Estimation of number blocks
The simplest approach is to estimate the number of blocks required in a metre square of wall.
The planar dimensions of a standard block in Nigeria is (450mm × 225mm).
Therefore the planar area of 1 block = (0.225 × 0.45) = 0.10125 m2
Therefore one metre square of wall will contain;
1/0.10125 = 9.876
Therefore, one metre square of wall will contain approximately 10 blocks.
PHASE 1: FOUNDATION TO DPC
At this stage, the total length of the walls of the building and the height of the walls are considered. There are no openings, and the entire foundation excavation length is considered. For the building we are considering, the foundation layout is as shown below;
Using any method of your choice, you can calculate the total length of the walls at the foundation level.
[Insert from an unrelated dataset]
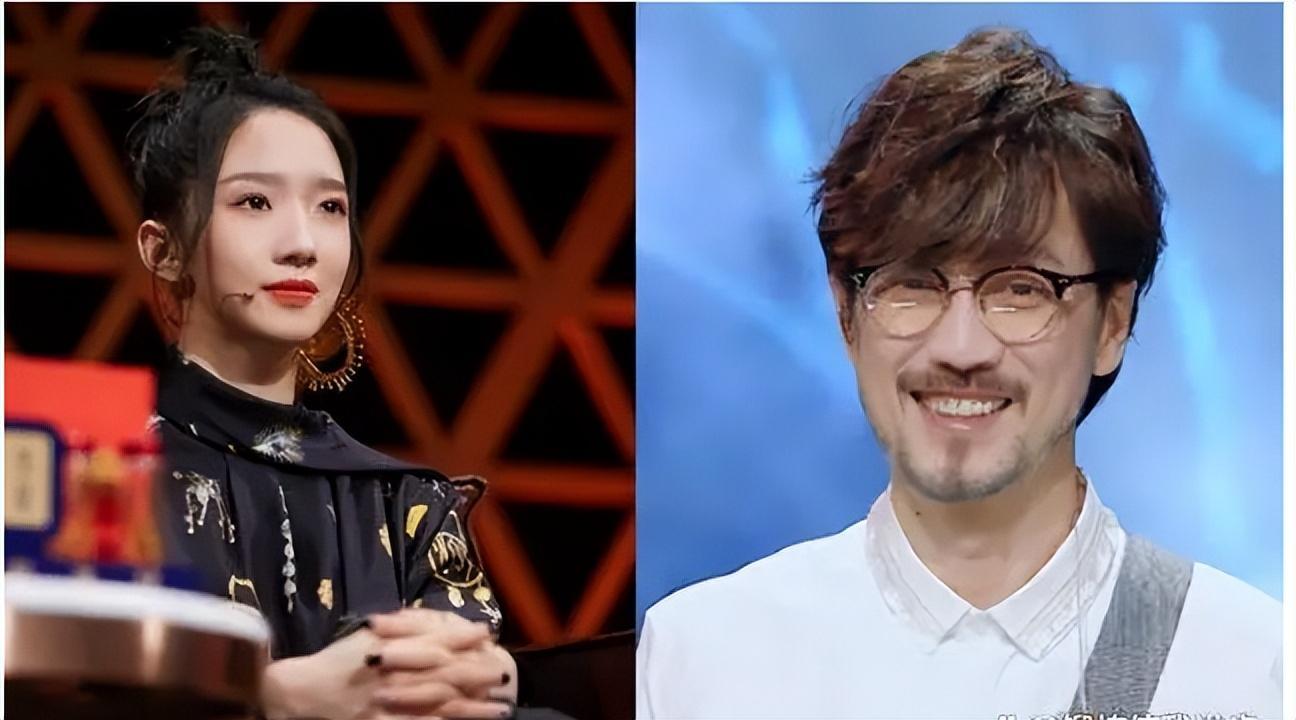 回顾这个人是谁有什么本事能够坐在这里当导师评价前辈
This is approximately equal to 100256 mm = 100.256m from my calculations.
The height of the wall from foundation to DPC (ignoring thickness of mortar) = 900mm = 0.9m
Therefore, the total area of wall = 100.256m × 0.9m = 90.2304m2
If 10 blocks is required for 1m2 of wall, therefore (10 × 90.2304) = 903 blocks is required for 90.2304m2 of wall.
The number of blocks required to raise the building from foundation to DPC = 903 blocks (disregarding wastage and damages).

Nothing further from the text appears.